## Sunday, September 12, 2010

### The Forfeit Offset Tree

So in my quest to purge regression from OR, there is an unrealistic aspect to the problems I've been considering so far. For instance, in SSP without recourse, I assume the costs associated with every edge is available for each graph in the historical data. It seems more realistic to assume that only the costs associated with the edges actually traversed historically would be known. This is an example of learning through exploration, in particular a warm start problem where there is historical data with partial information that can be used to learn a policy.

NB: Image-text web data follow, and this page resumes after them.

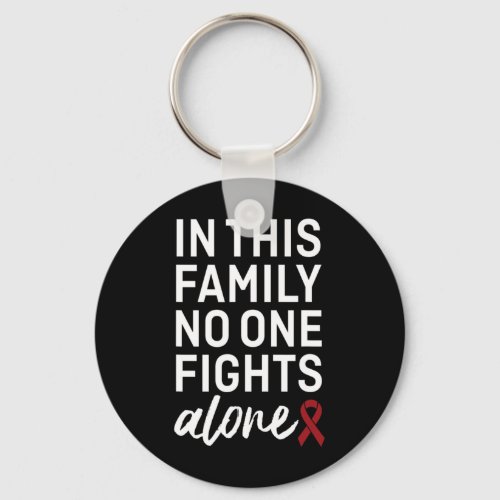 Aneurysm Awareness Ribbon Family Support Group  Keychain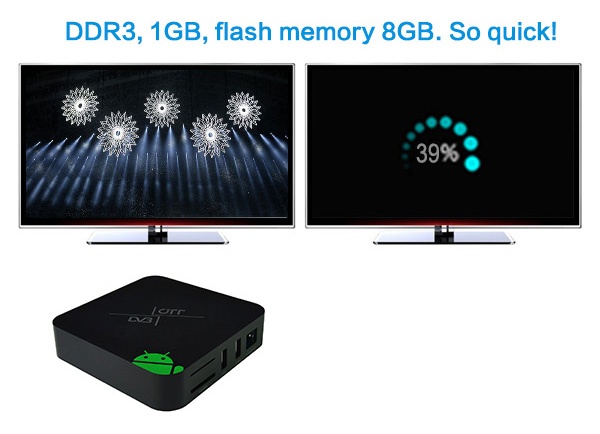 Andriod DVB-T2 TV Box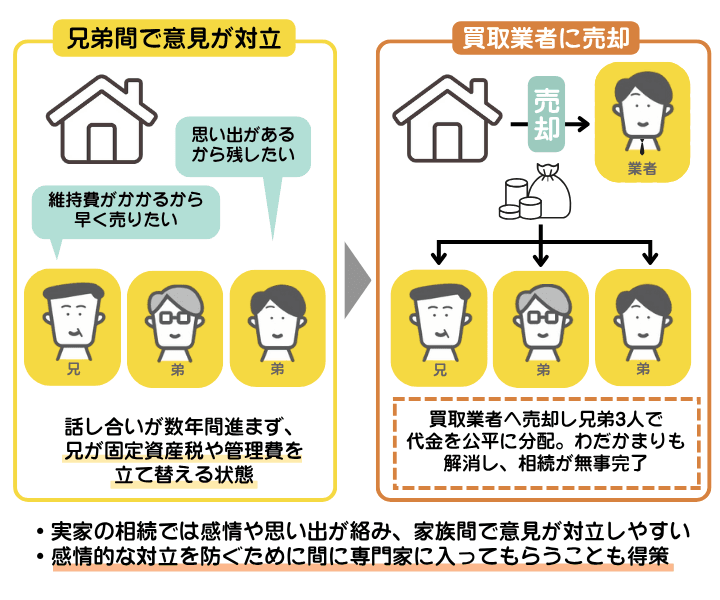 兄弟間で実家の売却の意見が対立した事例を示した図解。買取業者に売却したことで公平な分配、わだかまりの解消ができた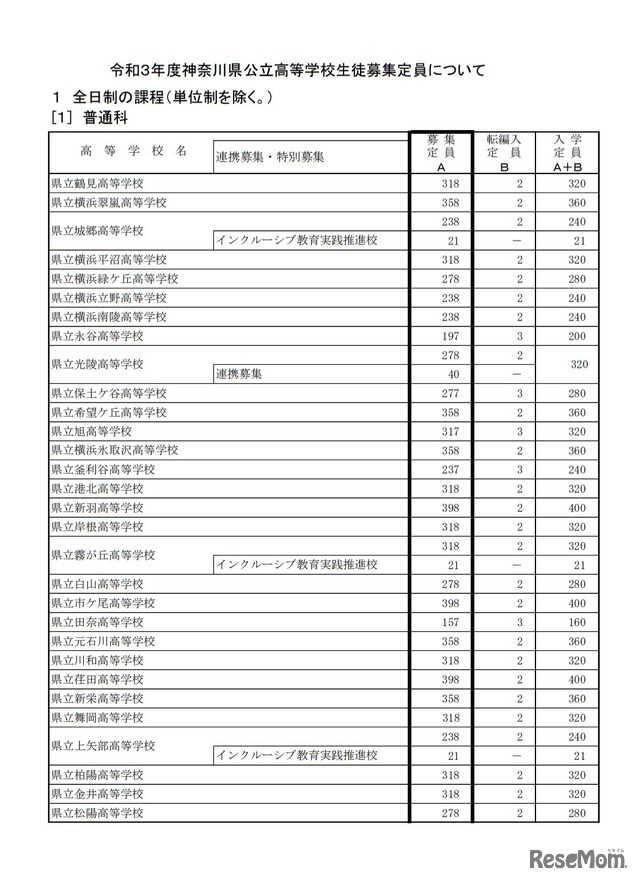 2021年度神奈川県公立高等学校生徒募集定員（全日制の課程、単位制を除く）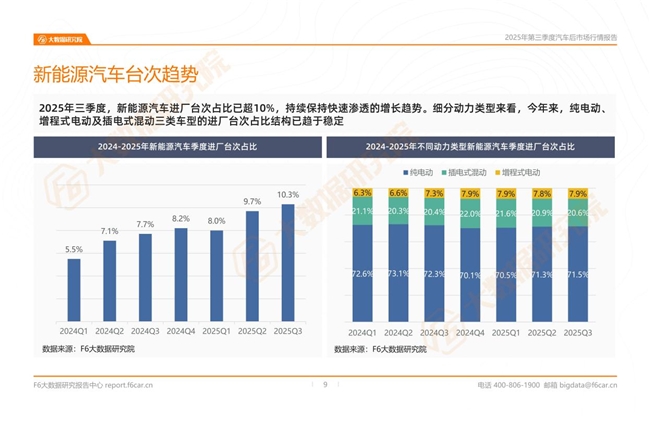 2025年三季度行情：汽车后市场新能源汽车进厂台次占比突破10%！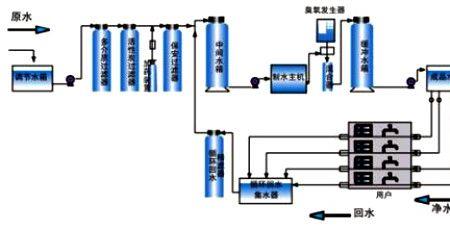 直饮水开通需要多久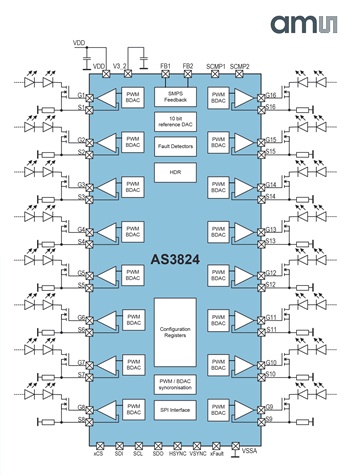 ams, 16채널 LED 백라이트 컨트롤러 출시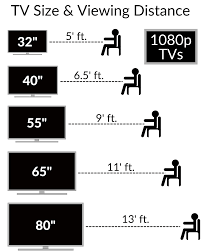 tv size guide what size tv is right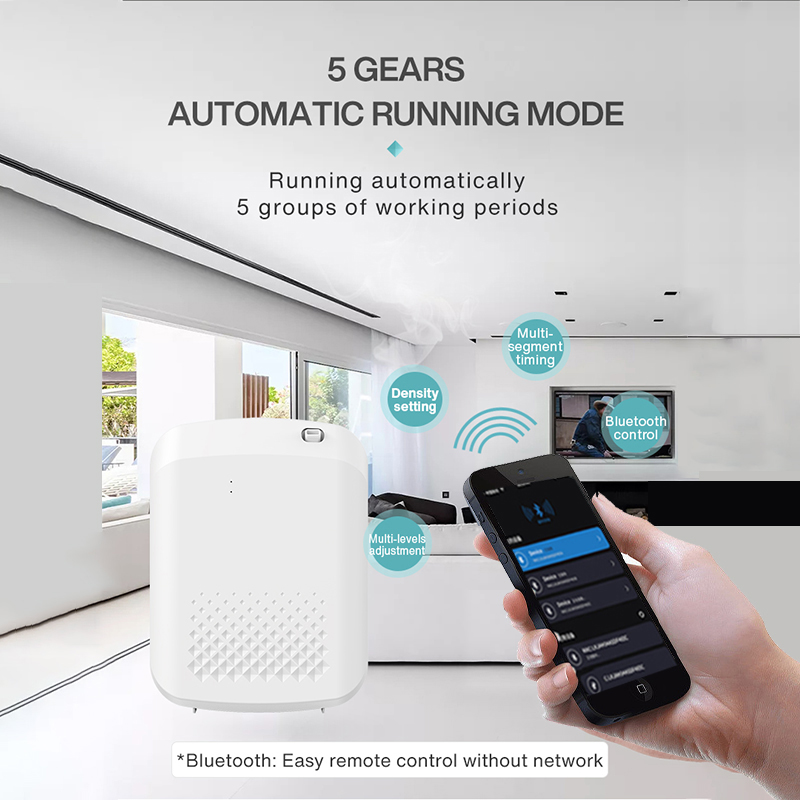 Diffusore di aromi intelligent - Home Fragrance Essence recensione e prezzo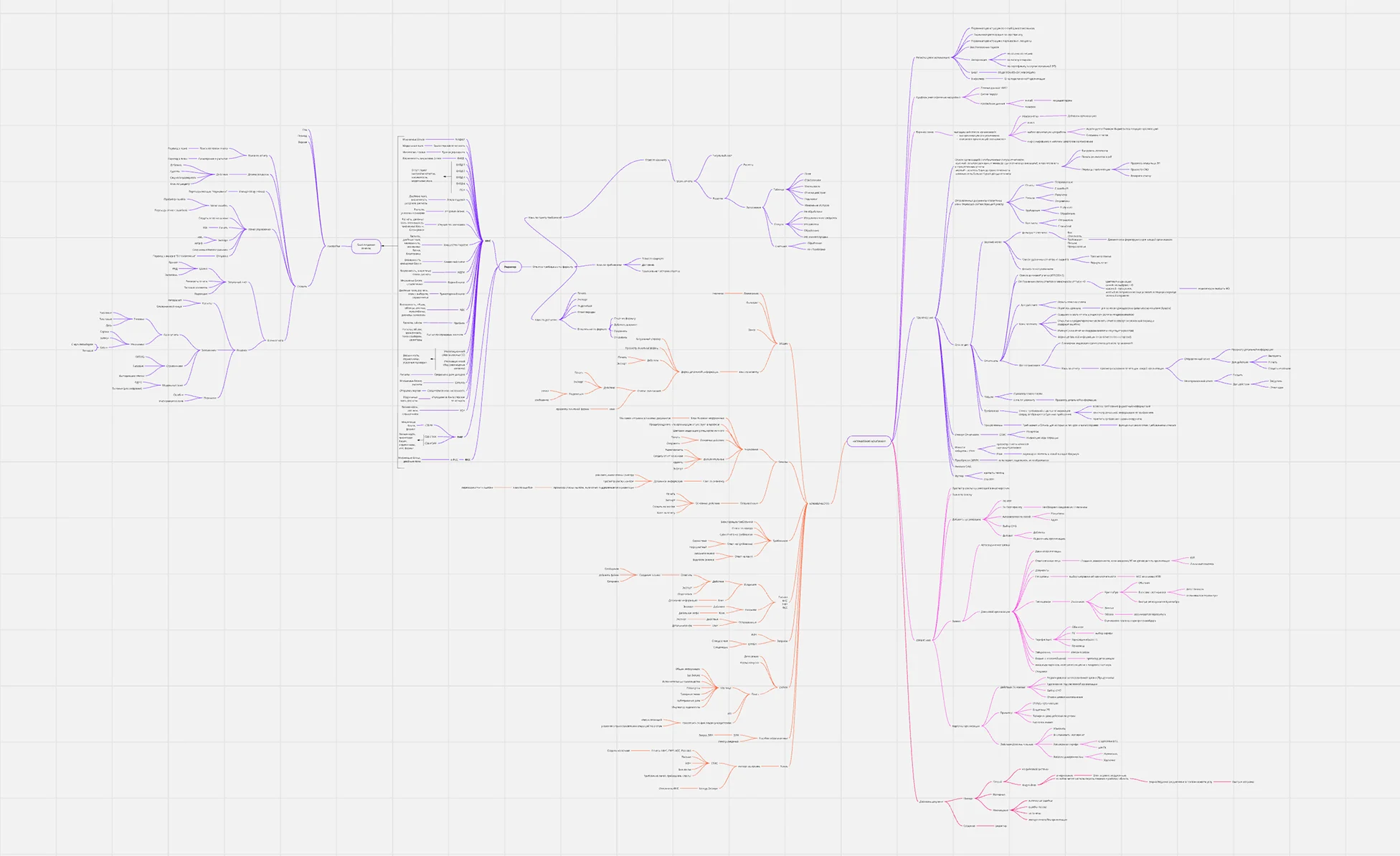 Mindmap метрик и источников данных InSight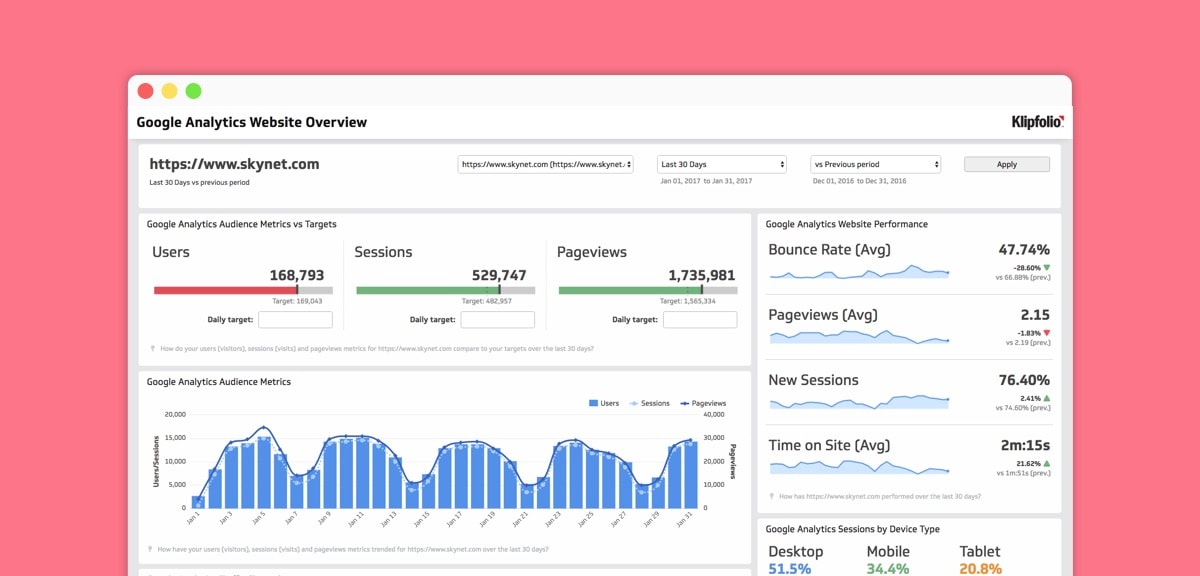 Integrer Google Analytics i dit værktøjssæt til brandudviklingsstrategien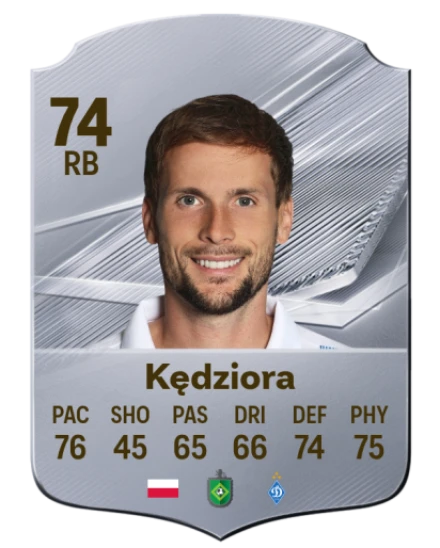 Kędziora 74 Common RB FC 26 card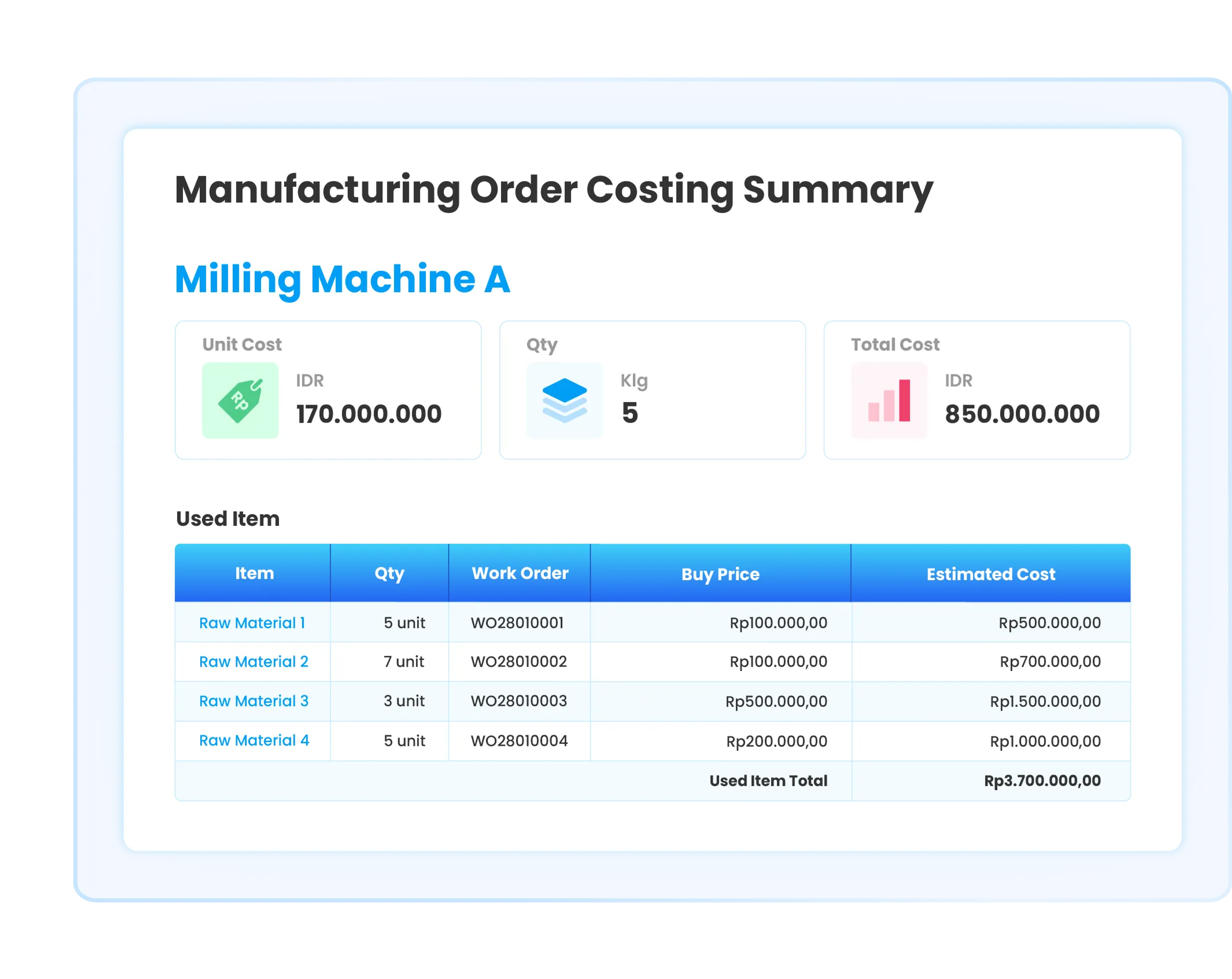Manufacture costing summary in Ukirama ERP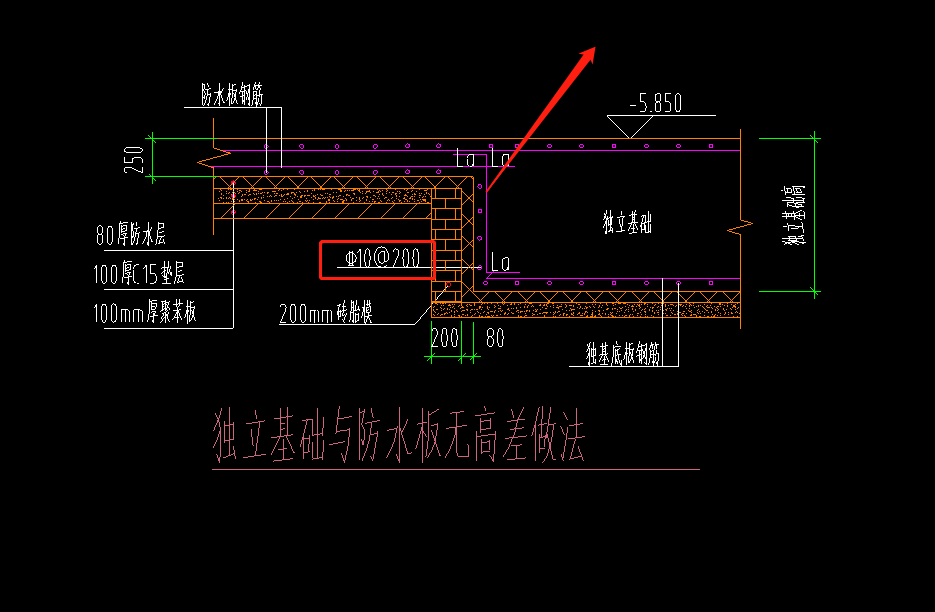 獨(dú)立基礎(chǔ)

The offset tree is a reduction from cost-sensitive multiclass classification (CSMC) with partial feedback to binary classification. It is designed for when there is a single decision amongst a fixed set of classes (like vanilla CSMC) and historical data where only the value of the decision chosen has been revealed (unlike vanilla CSMC). As a side note, this difference is fundamental, since there are reductions from CSMC to binary classification which have regret independent of the number of classes; whereas the offset tree regret bound (proportional to $|A| - 1$) is a provable lower bound.

So a natural question to ask is: if I can reduce a full information version of a problem (e.g., SSP without recourse) to set of CSMC subproblems, can I reduce a partial information version of the problem to a set of CSMC with partial feedback subproblems (and leverage the offset tree)? I don't know for sure, but I suspect so.

In order to build intuition, however, I'm going to start with something easier. Since I actually want to reduce problems to constrained CSMC, I need something that can handle constrained CSMC with partial feedback. That suggests defining the forfeit offset tree analogous to the forfeit filter tree.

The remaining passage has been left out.